Minimums, and what happens at maturity

Check the minimum to open. Then check the maturity terms: many CDs auto-renew into a new term at whatever rate is current unless you act within a short grace window — which can quietly relock your money at a worse rate. Know the maturity date and set a reminder, so renewal is your choice, not the bank's default.

A useful move

The CD ladder, in one paragraph

If you like the locked rate but hate being fully locked, split the money across CDs with staggered terms instead of one big one — some short, some medium, some long. As each rung matures, a chunk of cash frees up, and you either spend it or roll it into a new long CD at whatever rates are then. You keep regular access to part of your money and still capture the longer-term rates on the rest. It's the standard answer to "I don't want it all trapped."

The tradeoff, up front

A CD gives you a rate that can't fall and takes away your easy access to the cash. High-yield savings does the opposite — full access, but a rate that can drop tomorrow. So the real question isn't which pays more today; it's whether you'd rather lock certainty or keep flexibility for this particular pile of money. Emergency fund? Savings. Money with a fixed date you won't touch till then? A CD can be the better home.

Frequently asked

What is a CD, in plain English?

A certificate of deposit is a deal: you agree to leave a lump sum untouched for a set term — a few months to a few years — and in return the bank locks in a fixed rate for the whole term. As of June 15, 2026, the FDIC national average was 1.65% APY on a 12-month CD and 1.35% APY on a 60-month CD, and the best online CDs typically pay well above those averages.

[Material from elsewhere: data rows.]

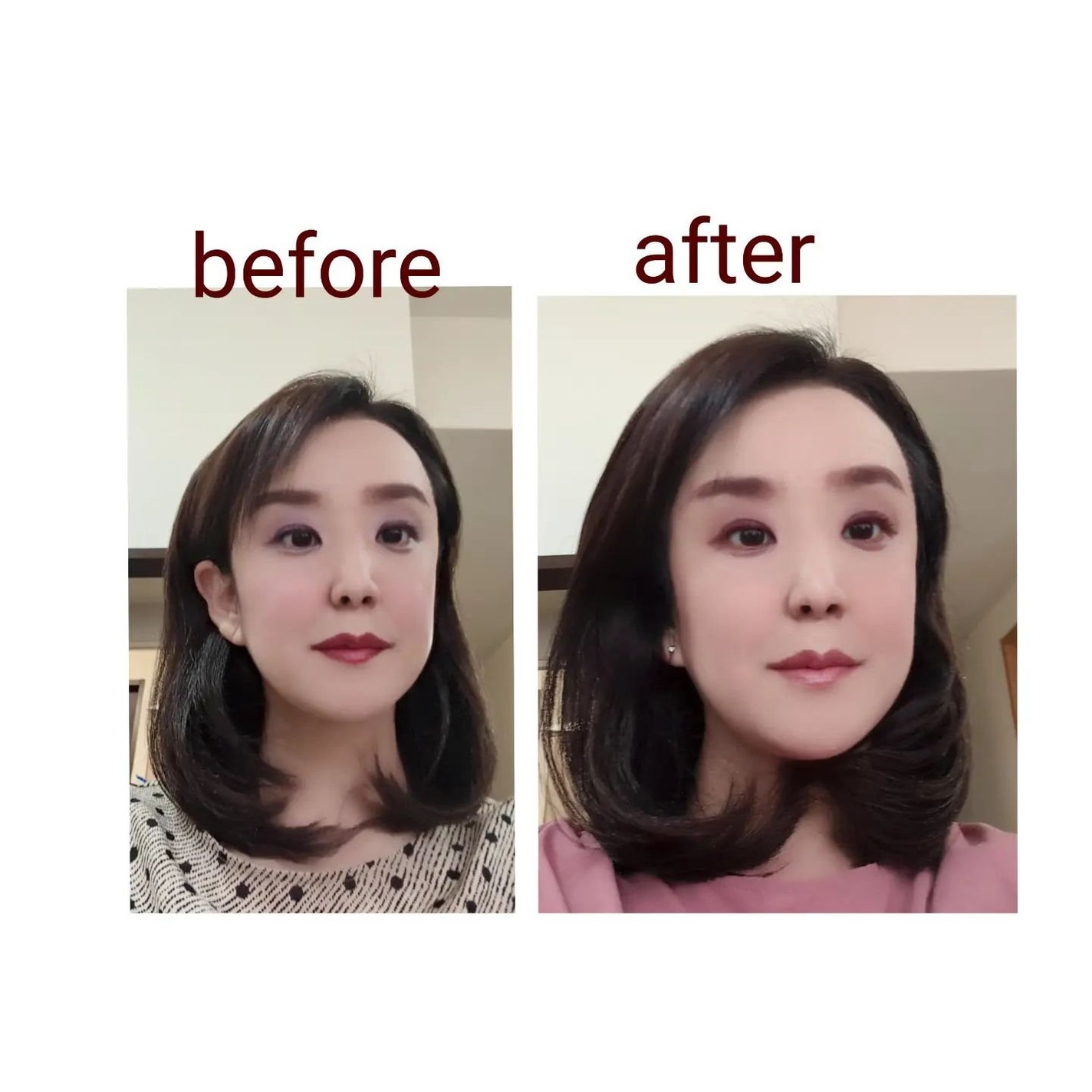 カラートリートメント/RISHIRIA Furel/ヘアカラーを使ったクチコミ(5枚目)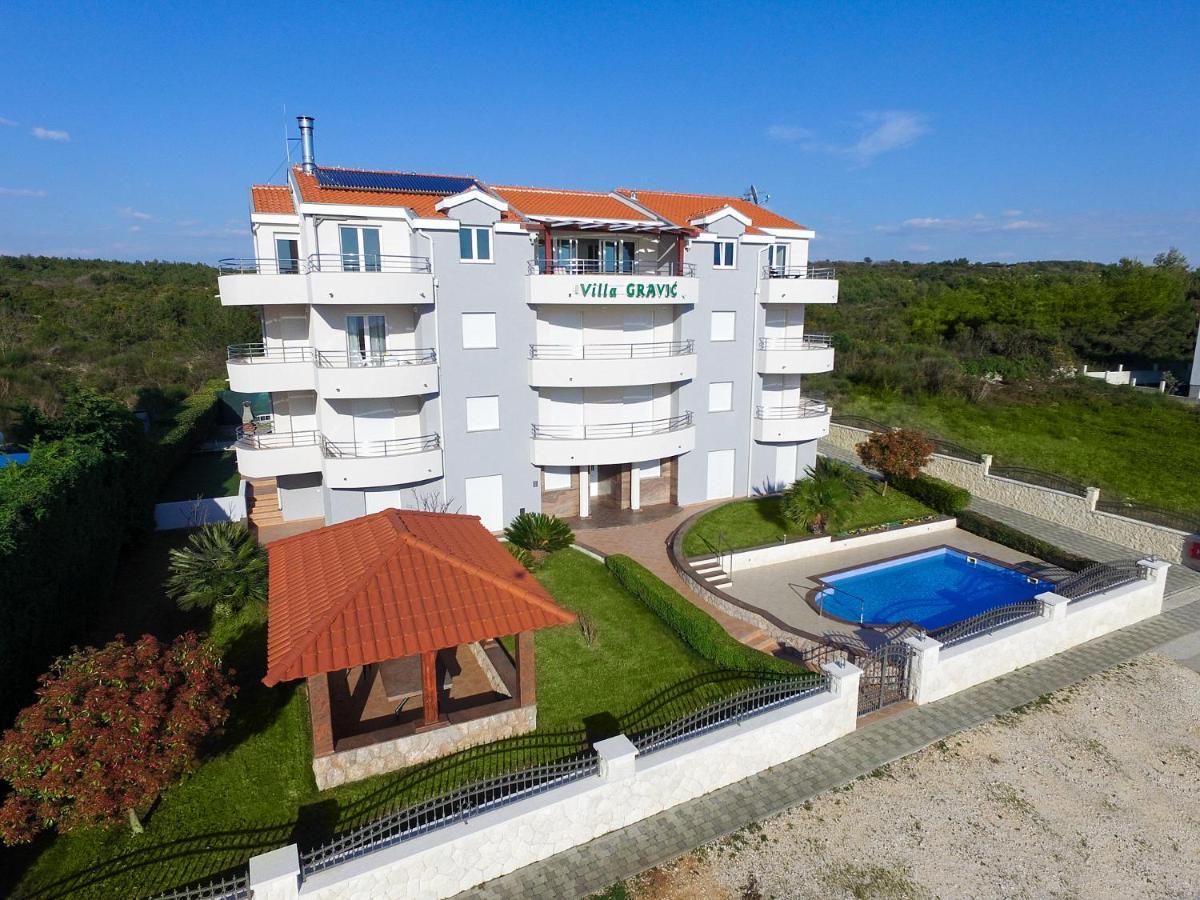 Villa Gravic 2 Zadar Buitenkant foto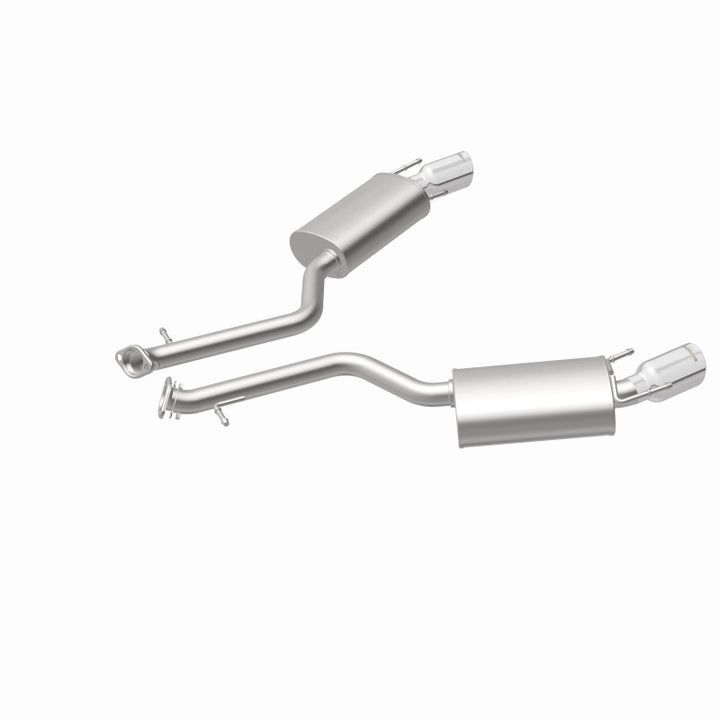 MagnaFlow SYS A/B 14-18 Lexus IS350 3.5L - Bull Strap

What's the catch with a CD?

Access. Your money is locked for the term, and taking it out early triggers an early-withdrawal penalty — usually a set number of months of interest, which on a short CD can eat into your principal. That penalty is the single most important number on the page. A CD only makes sense for money you're confident you won't need until it matures.

What is a CD ladder?

Instead of putting one lump sum in one CD, you split it across several with staggered terms — say some in a 1-year, some in a 2-year, some in a 3-year. As each one matures you get a chunk of cash back (or roll it into a new long CD). A ladder gives you regular access to part of your money while still capturing the higher long-term rates, so you're not fully locked up.

Are CDs FDIC-insured?

A CD from an FDIC-insured bank is protected up to the coverage limit, just like savings — the insurance comes from the FDIC through the bank, not from ClearValue Banking. A credit union CD (sometimes called a share certificate) is covered by the NCUA instead. Either way, confirm the institution is insured before you commit the money.